Turkey’s parliament will formally launch debates on a constitutional amendment package that will usher in a powerful presidential system after lawmakers from the ruling Justice and Development Party (AKP) and the Nationalist Movement Party (MHP) passed a motion through parliament.
The Turkish Parliament on Tuesday night approved the first article of a constitutional amendment package that will bring an executive presidency and end the parliamentary system of governance in the country.
The amended article, passed with 347 votes in favor and 132 against, added the words “and impartial” as well as “independent” to Article 9 of the existing constitution, in reference to the judiciary.
There has been strong opposition to the constitutional amendment package over fears of one-man rule in Turkey as it grants extended powers to the president.
Among the objections to the changes, the former president of Turkey’s Supreme Court of Appeals (Yargıtay), Professor Sami Selçuk, wrote in an op-ed that a constitutional amendment package that is currently under debate in Parliament clearly aims to concentrate power in the person of the president and eliminate the separation of powers.
Penning an article for the Cumhuriyet daily on Monday, veteran jurist Selçuk said the proposed changes are even worse than the already antidemocratic 1982 Constitution, which was drafted under a military junta.
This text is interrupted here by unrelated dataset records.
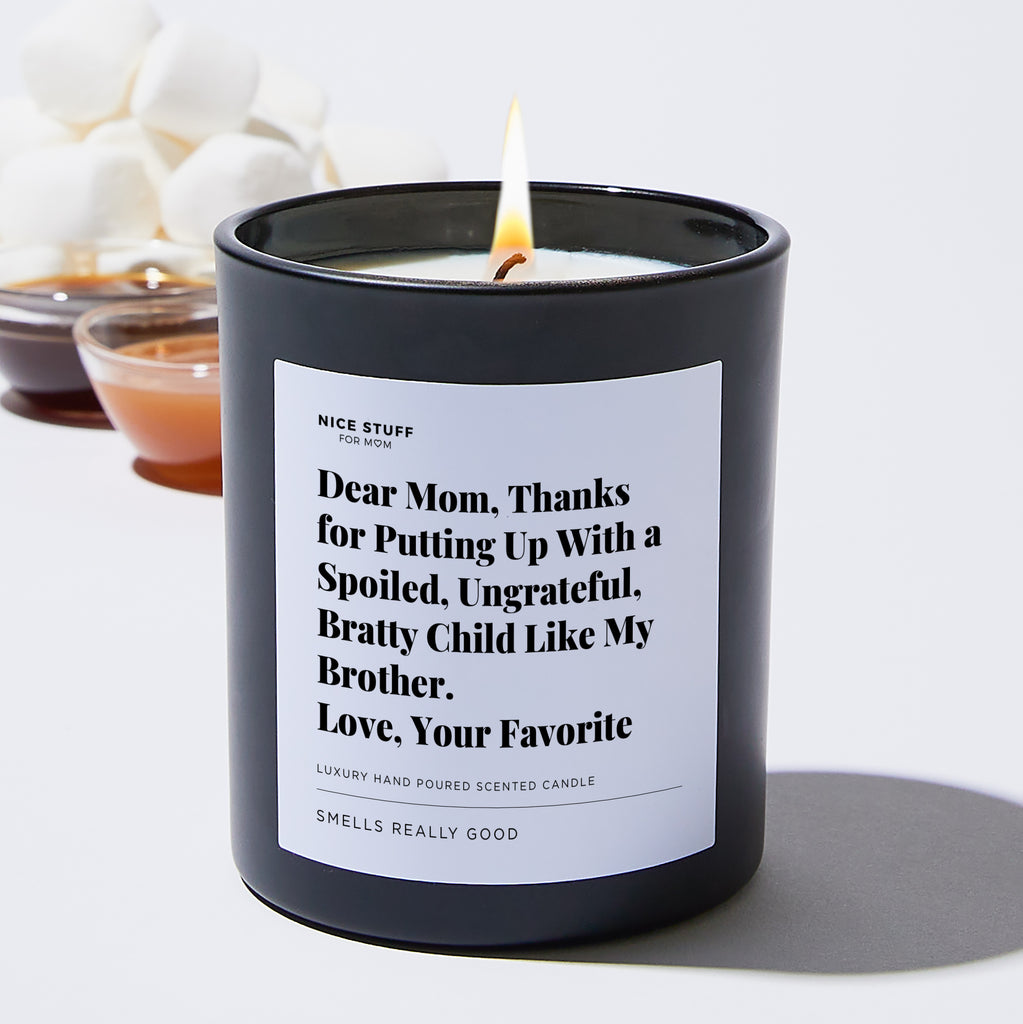 Dear Mom, Thanks for Putting up with a Spoiled, Ungrateful, Bratty Child like my Brother. Love, your Favorite - For Mom Luxury Candle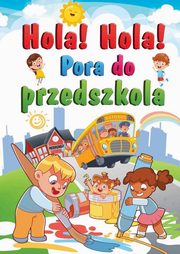 Hola! Hola! Pora do  przedszkola, Stankiewicz-Gawrysiak Barbara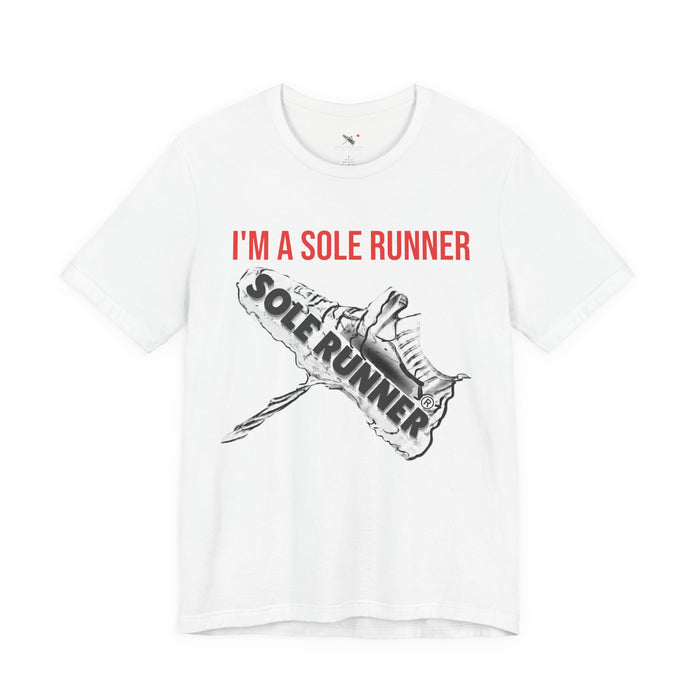 I'm A Sole Runner®: Unisex Jersey Short Sleeve Tee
According to Selçuk, anyone who is literate can easily understand that the constitutional amendment would entrust all power to the president, close off the path to checks and balances and bring a concentration of powers in one person.
With the proposed changes submitted to Parliament by the ruling Justice and Development Party (AKP) and opposition Nationalist Movement Party (MHP), the president will be vested with the power to dissolve Parliament.